Please repeat every entry exactly as written, but skip the pictures.

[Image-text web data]
======

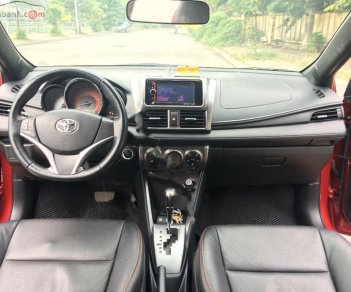 Toyota Yaris 1.3G 2015 - Gia đình bán gấp Toyota Yaris 1.3G đời 2015, màu đỏ, xe nhập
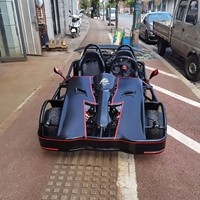 Go-Kart Eléctrico de Carga Rápida de 4 Tiempos con Velocidad Máxima de 75 km/h para Entretenimiento en Interiores/Exteriores y Derrapes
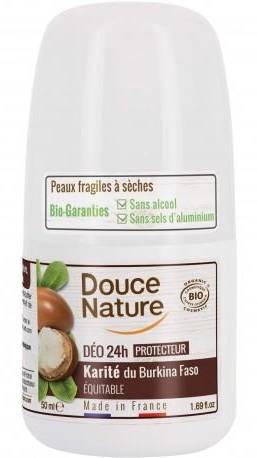 Déodorant Roll on Karité peaux fragiles - 50ml - DOUCE NATURE - BIO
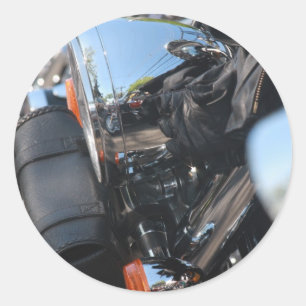 Sticker Rond Joue toujours avec les motocycles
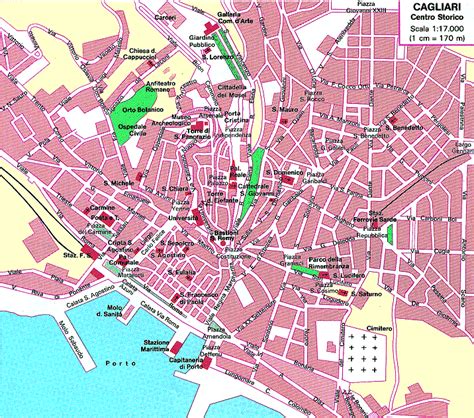 Map of Cagliari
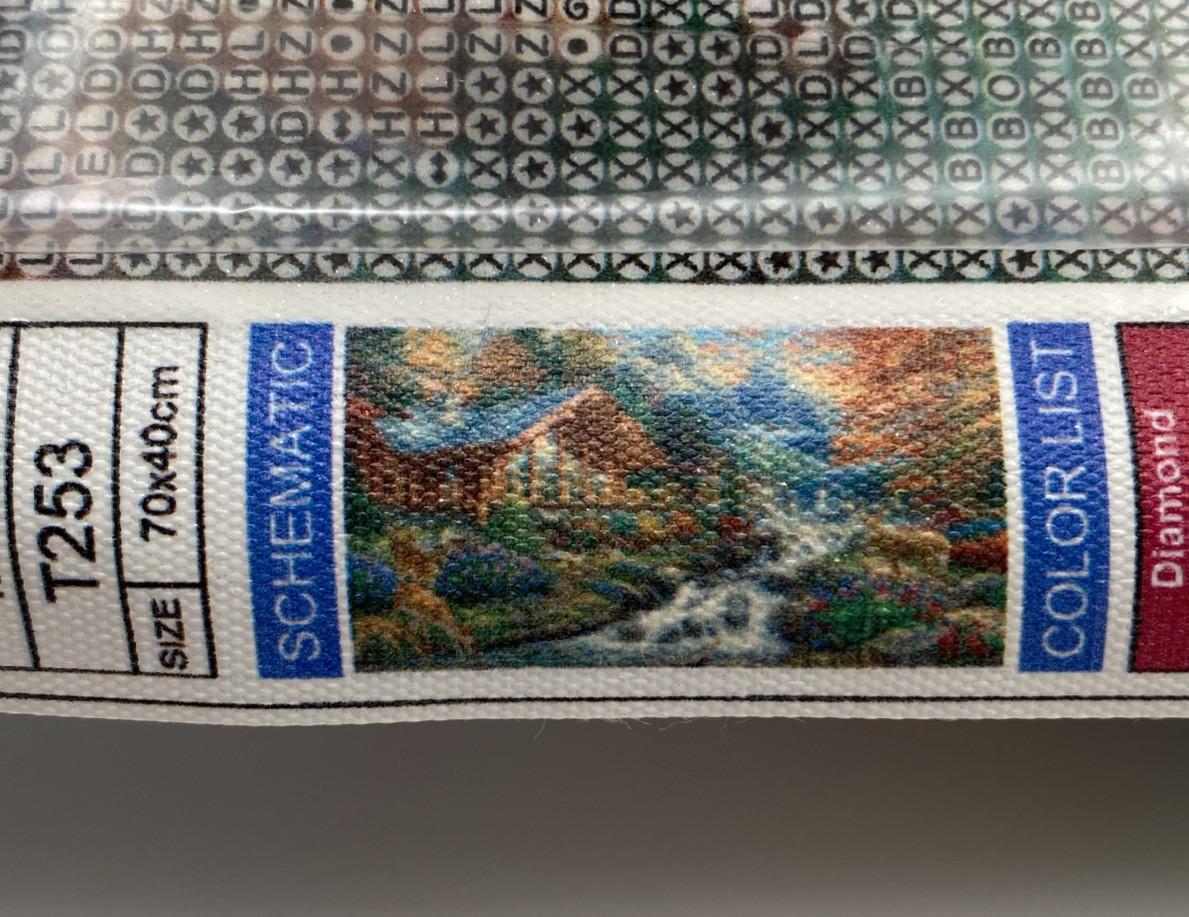 5D Diamond Painting Kit 40 cm x 70 cm House with Deer NEW - $14.24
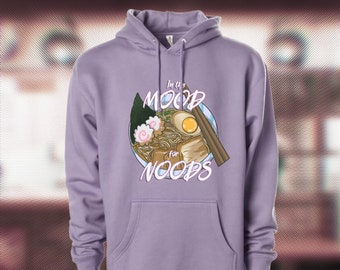 In the Mood for Noods  - Heavyweight Hooded Pullover Sweatshirt/Hoodie with Vinyl Printed Graphic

======

### Solution for this task
 Toyota Yaris 1.3G 2015 - Gia đình bán gấp Toyota Yaris 1.3G đời 2015, màu đỏ, xe nhập
 Go-Kart Eléctrico de Carga Rápida de 4 Tiempos con Velocidad Máxima de 75 km/h para Entretenimiento en Interiores/Exteriores y Derrapes
 Déodorant Roll on Karité peaux fragiles - 50ml - DOUCE NATURE - BIO
 Sticker Rond Joue toujours avec les motocycles
 Map of Cagliari
 5D Diamond Painting Kit 40 cm x 70 cm House with Deer NEW - $14.24
 In the Mood for Noods  - Heavyweight Hooded Pullover Sweatshirt/Hoodie with Vinyl Printed Graphic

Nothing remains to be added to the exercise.